WordPress is many different things. For background, my understanding is that you, Matt Mullenweg, either owns or controls, Automattic, WooCommerce, WordPress.com, WordPress.org, Audrey Capital, and the WordPress Foundation. The Foundation is a 501c(3) and has a board of directors. I assume they heed your advice.

You personally own WordPress.org and pay to “keep the lights on”. This includes the personnel and servers required to keep the APIs running. I am extremely grateful for that, as are we all.

From all the comments, posts and video I’ve seen in the past week it seems there are 2 primary “contribution” areas. Contributing to “the WordPress project” via Core contributions, hours, and more. I understand that Five for the Future doesn’t consider that sponsorship of events, participation in the forums, making plugins and themes, making tutorials, and other learning materials count as contributions to the project. I strongly disagree. I know we disagree with event sponsorship as a contribution but realistically the ROI is near zero. Personally I have helped sponsor many of my local Southern California WordCamps even before I ever had a product for sale.

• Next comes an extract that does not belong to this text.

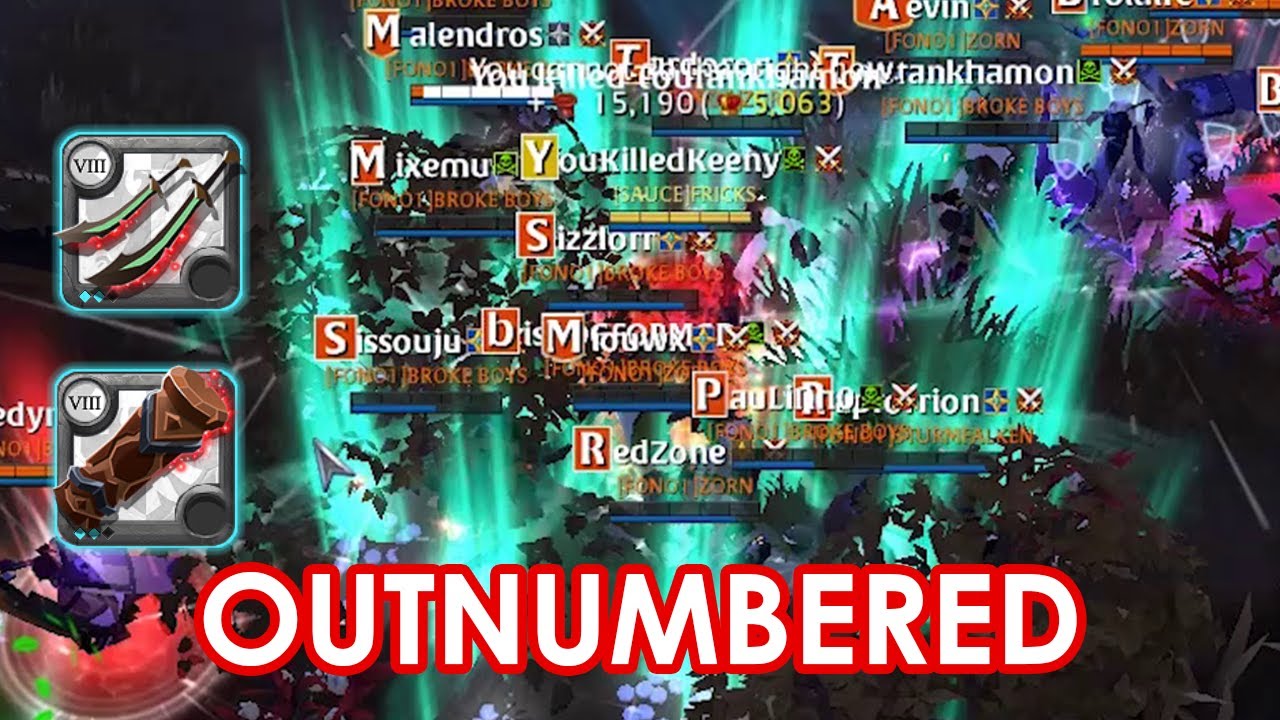 Albion Online PVP 1: Galatines & Grovekeeper | Outnumbered Thrillseeker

The other area of expense I see referenced is running the dot org server and services, for which you personally fund the total costs. It seems that large hosting companies should share some of the costs to keep the dot org servers running. I would think it would be a simpler ask to contribute X dollars per Y users towards this. Obviously the costs and numbers would need to be worked out. But this seems like a cleaner path towards funding/cost sharing.

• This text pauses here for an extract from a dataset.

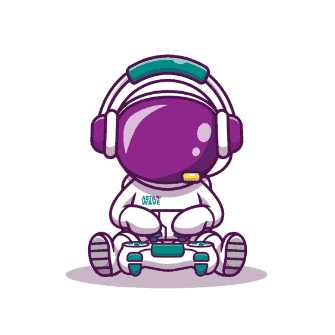 Astrowave-astronaut-gaming-with-headphone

I am not a lawyer, accountant, or tax attorney. I’m a trauma surgeon. But consider placing WordPress.org within the Foundation. This way contributions to the Foundation could be used to fund running the WordPress.org and these contributions would be tax deductible. It could potentially provide you and many others a tax deductible method of supporting WordPress monetarily. Again, I don’t have any special knowledge, this was simply an idea that I thought might make getting monetary contributions to running the servers we all depend upon provide an additional incentive to those contributing.

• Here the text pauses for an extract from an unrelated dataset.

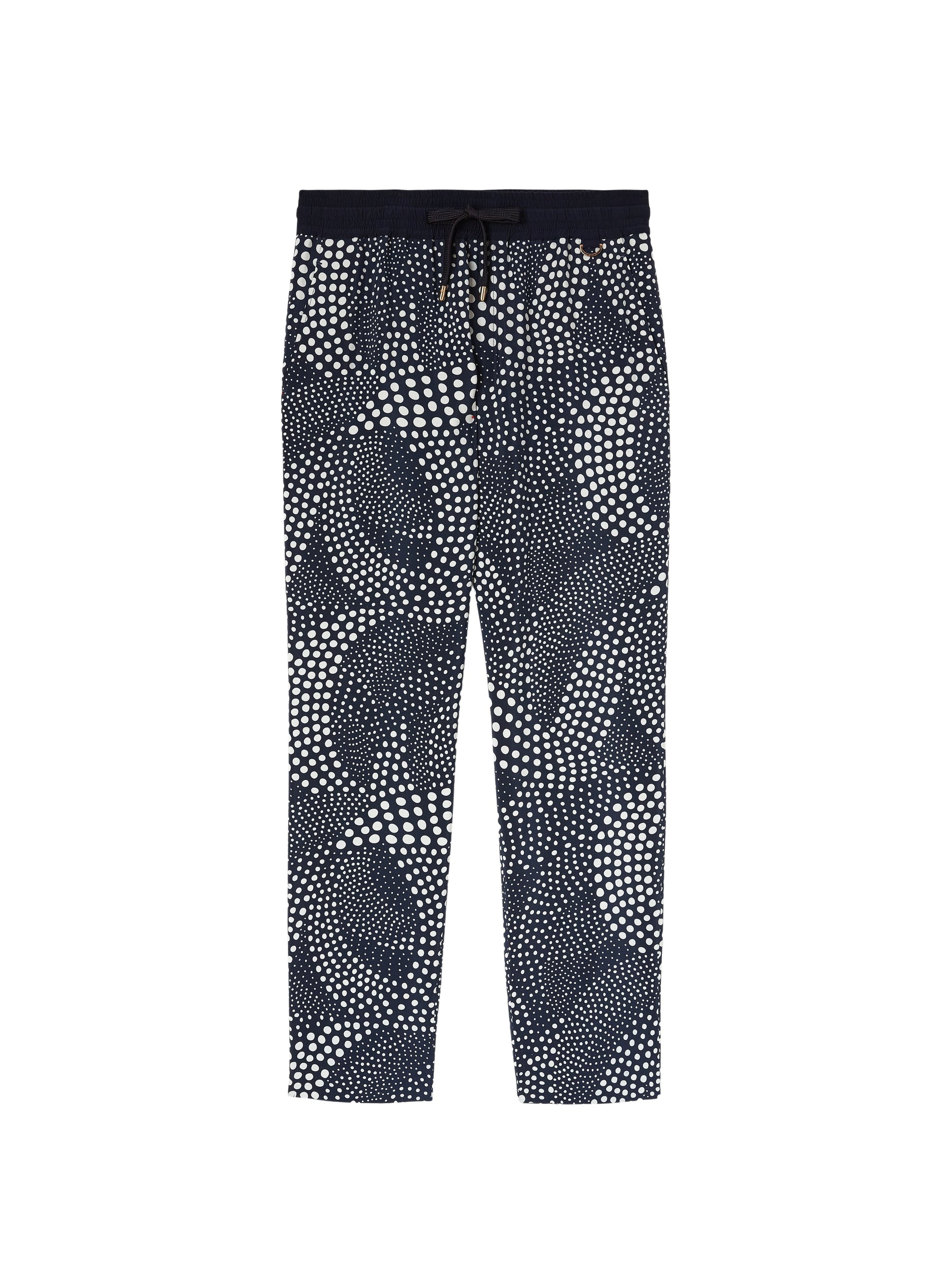 Eclipse_3QTY // Pantalon à pois en lin et soie - Eclipse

I don’t know if you’re amenable to donating WordPress.org to the Foundation, but if you are you might want to speak with your advisors to see if any parts of this are feasible.

I believe that anything that helps WordPress users or potentially brings in more users to WordPress is beneficial and should be both acknowledged and lauded as contributions.

Update from X

I tried but the IRS didn’t approve WordPress code or .org as valid activities for the Foundation. That’s why it took several years to get the Foundation set up.